• _EXTRACTED MATERIAL_:
§ §

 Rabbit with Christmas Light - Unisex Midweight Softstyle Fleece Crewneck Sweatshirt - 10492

§ §

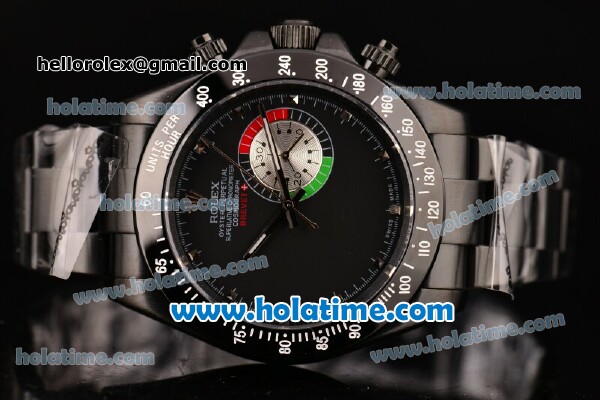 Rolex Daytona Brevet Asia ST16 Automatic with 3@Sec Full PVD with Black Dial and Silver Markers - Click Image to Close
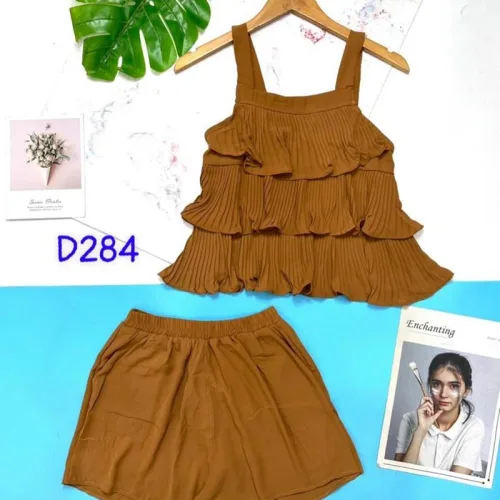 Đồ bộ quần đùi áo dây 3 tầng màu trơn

§ §

• _WHAT IS EXPECTED_:
The stretch above running from the line with "Rolex Daytona Brevet" through the line with "Đồ bộ quần đùi áo dây 3 tầng màu trơn" is all you should copy, exactly, leaving out the pictures.

• _COMPLETED EXERCISE_:
 Rolex Daytona Brevet Asia ST16 Automatic with 3@Sec Full PVD with Black Dial and Silver Markers - Click Image to Close
 Đồ bộ quần đùi áo dây 3 tầng màu trơn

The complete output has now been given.